(DATA EXCERPT)
******

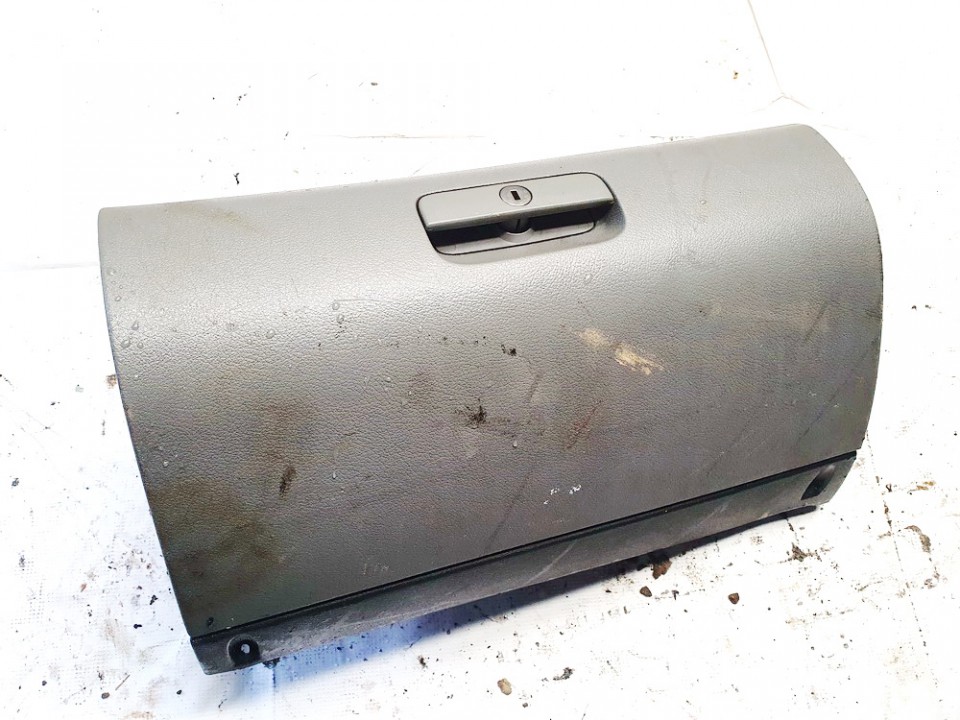 1U1857097B Skoda Octavia 2000 Glove Box Assembly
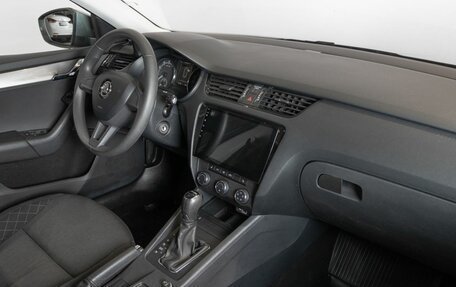 Skoda Octavia, 2018 год, 1 407 600 рублей, 7 фотография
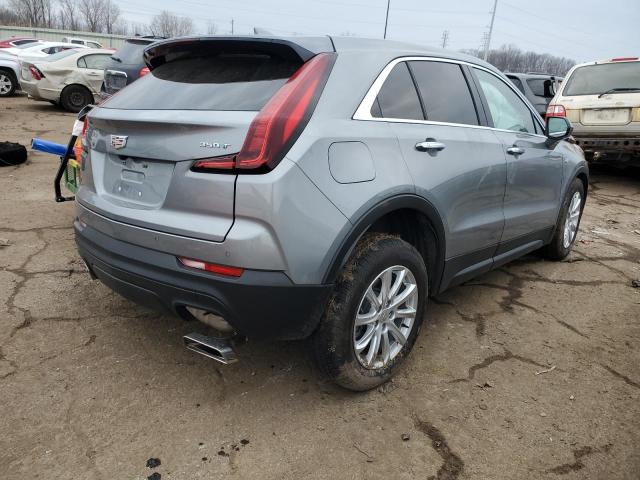 1GYAZAR45PF110226 - 2023 CADILLAC XT4 LUXURY SILVER photo 3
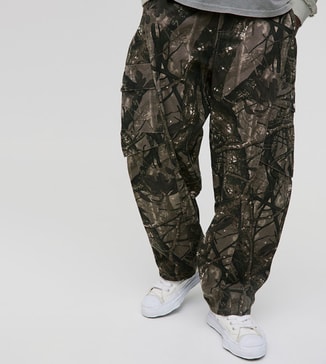 boohooMAN Balloon Forest Camo Cargo Trousers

******

(WORK ITEM)
The lines to repeat run from the line containing "Skoda Octavia, 2018" through the end of the listing above, both included; give them exactly and without pictures.

(TASK ANSWER)
 Skoda Octavia, 2018 год, 1 407 600 рублей, 7 фотография
 1GYAZAR45PF110226 - 2023 CADILLAC XT4 LUXURY SILVER photo 3
 boohooMAN Balloon Forest Camo Cargo Trousers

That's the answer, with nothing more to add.